Thematic breaks are extended or reduced to match the length of the document. If line length is set to infinity, it will instead use 3 of the separating character which must be one of -, _, or *.

-- - -

becomes:

----------------------------------------------------------------------------------------

API Reference

The tool also provides a function to reformat Markdown strings yourself.

from markflow import reformat_markdown_text

markdown = "   # Header 1"
nice_markdown = reformat_markdown_text(markdown, width=88)

Contributing

To contribute to this project, check out our contributing guide.

Issues

If you run into an issue running a Markdown file, feel free to open an [issue][ issues]. If you can include the faulting file, that will make it so much easier to debug.

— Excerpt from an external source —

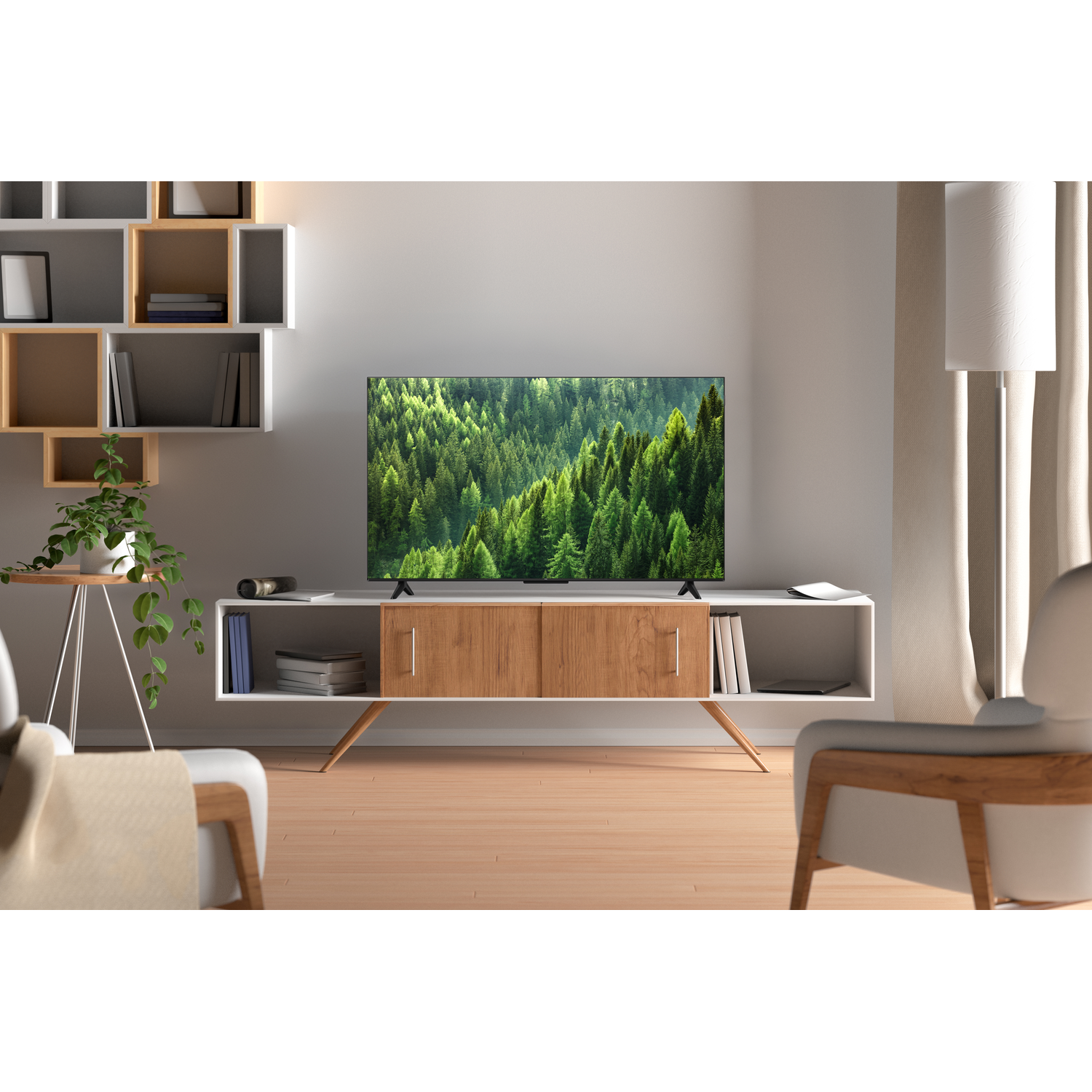 Een moderne woonkamer met een tv die een boslandschap toont, witte planken en stoelen.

This script can help in anonymizing your file if you have any confidential information in it.

#!/usr/bin/env python3
""" Anonymize file XXXX.md and output it to XXXX.out.md """
import pathlib
import random
import string

FILE_NAME = "XXXX.md"
input_path = pathlib.Path(FILE_NAME)
output_path = pathlib.Path(".out.".join(FILE_NAME.rsplit(".", maxsplit=1)))
text = input_path.read_text()
output = ""

for char in text:
    if char in string.ascii_lowercase:
        char = random.choice(string.ascii_lowercase)
    elif char in string.ascii_uppercase:
        char = random.choice(string.ascii_uppercase)
    output += char
output_path.write_text(output)

Implementation

To read more about how the tool works, checkout the implementation outline.

Credits

This tool was inspired by a coworker not enjoying having to manually reformat Markdown files. He wanted a tool that would enforce it like black does for Python code. That is why the line length default is 88.

A Bonus Note on Block Quote Formatting

Escaping > is especially important for the tool itself as otherwise updated block quotes could be too deep. For instance, incorrect wrapping here could result in an extra indented block of code.

> Please don't wrap after this period. >
> Because I don't want to be a double quote.

becomes:

> Please don't wrap after this period.
> > Because I don't want to be a
> double quote.

which would format to:

> Please don't wrap after this period.
> > Because I don't want to be a
> > double quote.

Of course, if the tool tried that, it would throw an exception since it double checks that if it were to be rerun the output would not change, at which point, hopefully, dear reader, you would open an issue. But I get it if you don't want to. I've been there.